=== LISTED RECORDS ===
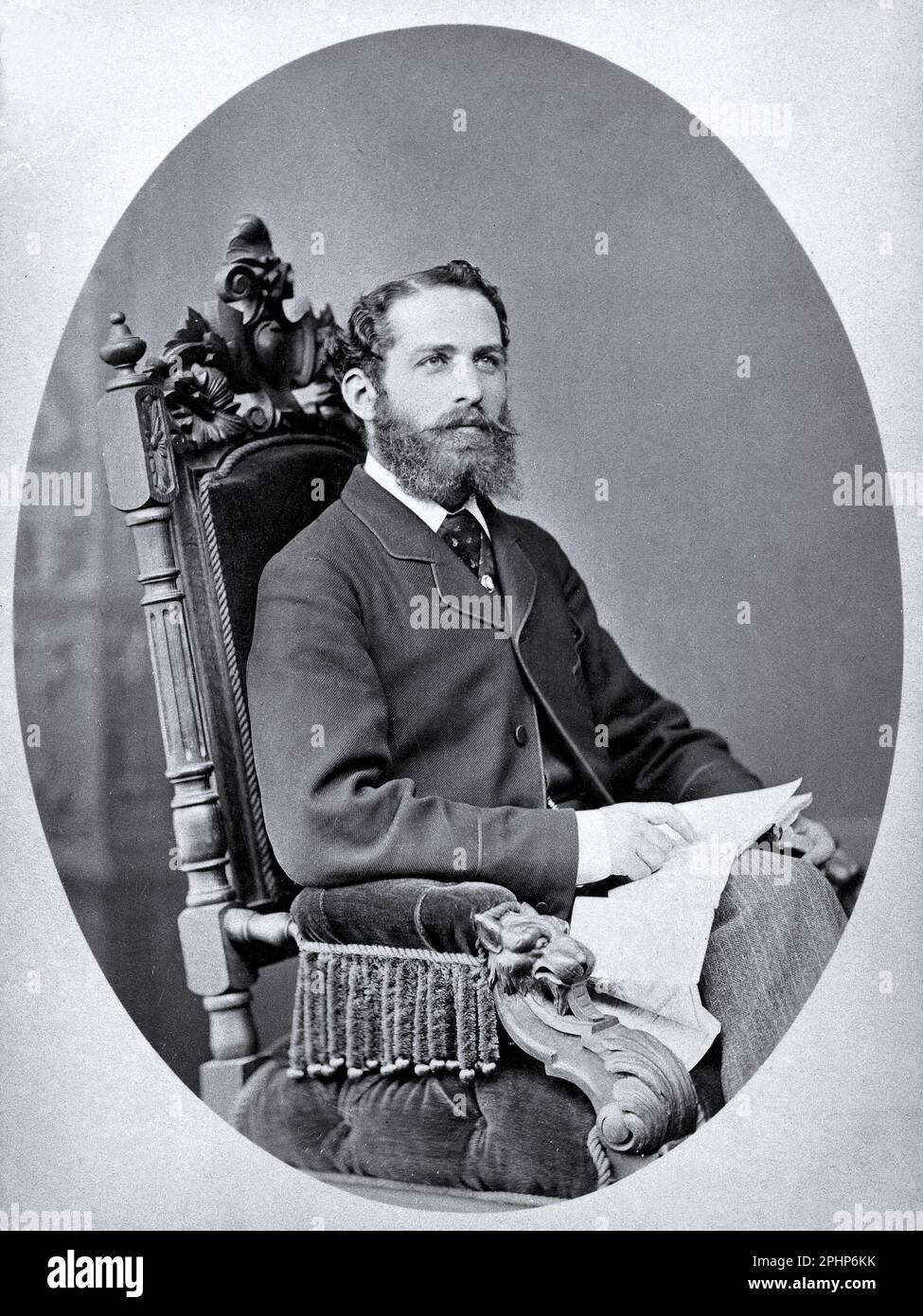 Arthur Schuster, deutscher britischer Physiker, mit Blick nach links, 38 Jahre alt, altes Foto von 1888 Stockfoto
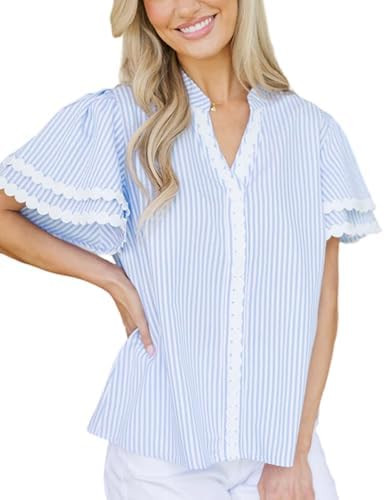 Yeokou Womens Striped Shirt V Neck Short Puff Sleeve Cotton Pullover Top Casual Summer Button Dow... | Amazon (US)
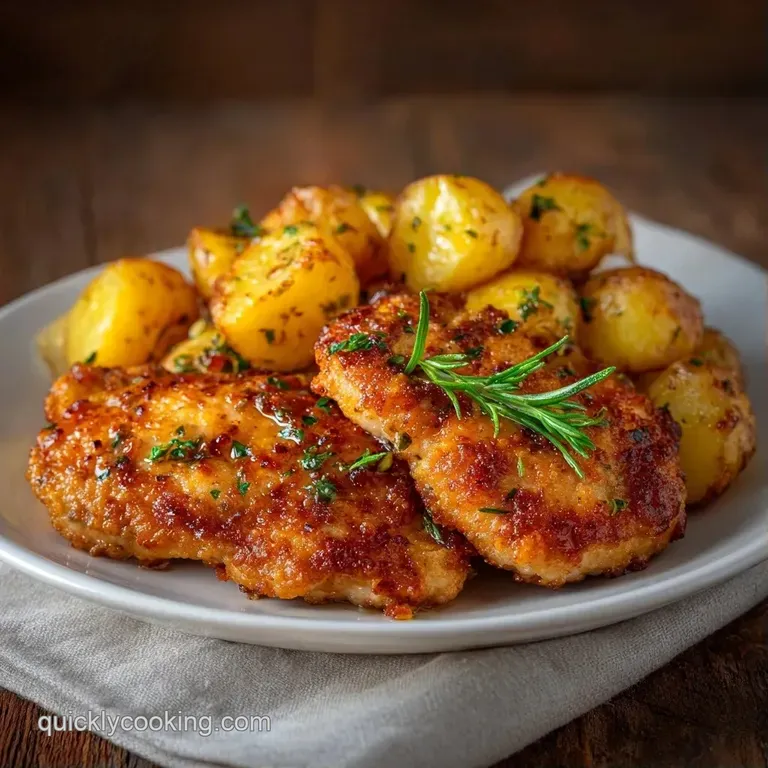 A plated golden chicken fillet with glistening crispy skin, paired with roasted garlic and a sprig of fresh thyme.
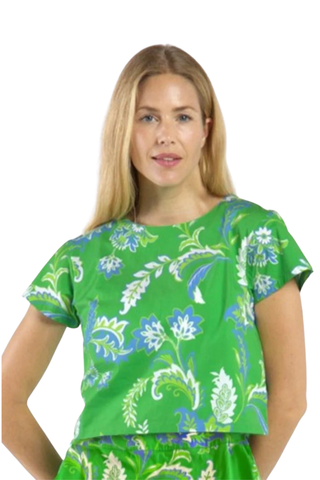 Ellen Top, Feathered Floral Grass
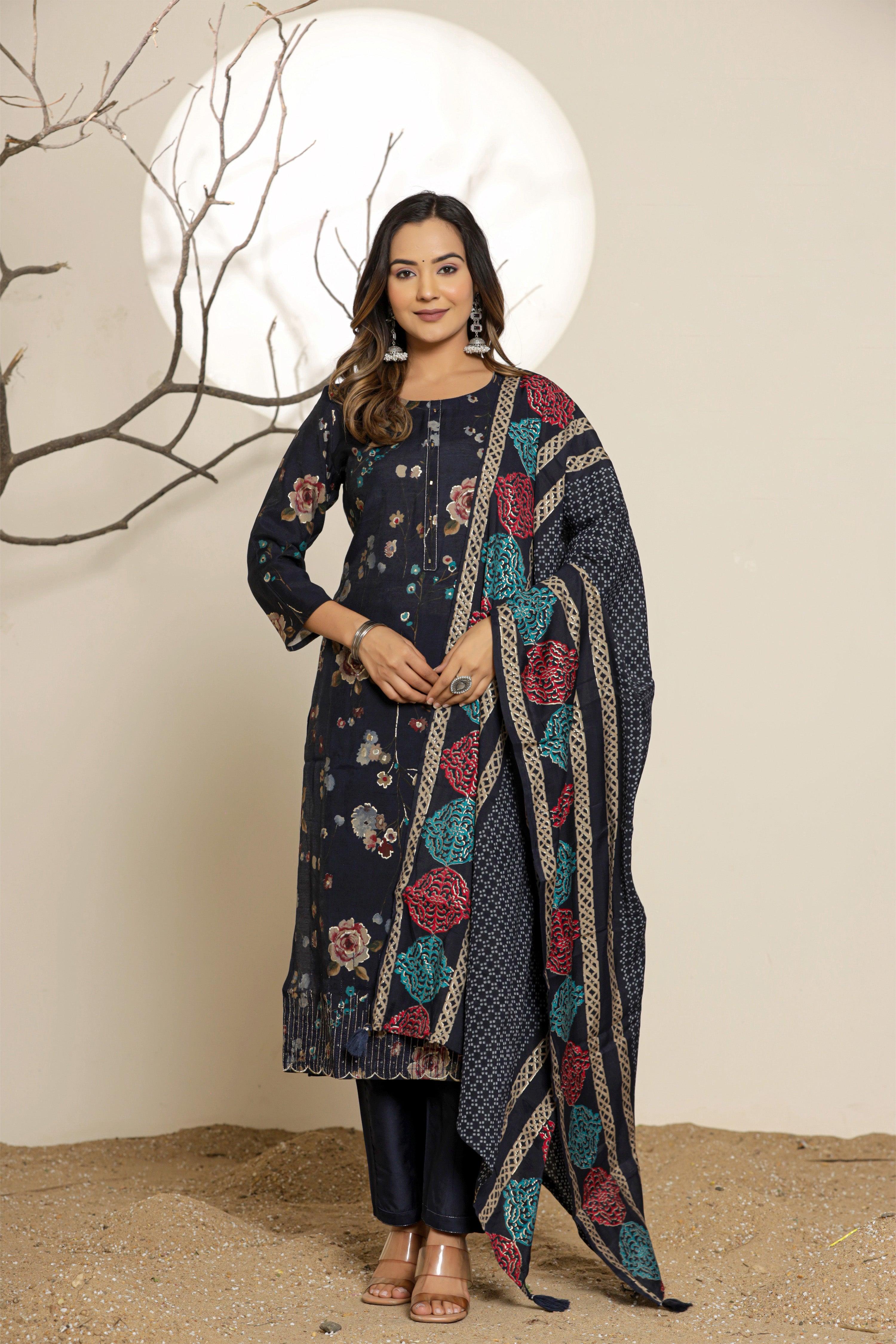 Navy Blue Floral Printed Muslin Ethnic Set With Dupatta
===
# EXERCISE DIRECTIONS:
Excluding the pictures, restate word for word the lines from the one that holds "Ellen Top, Feathered Floral Grass" through the last line of the entries, both ends included.

# RESULT OF THE EXERCISE:
 Ellen Top, Feathered Floral Grass
 Navy Blue Floral Printed Muslin Ethnic Set With Dupatta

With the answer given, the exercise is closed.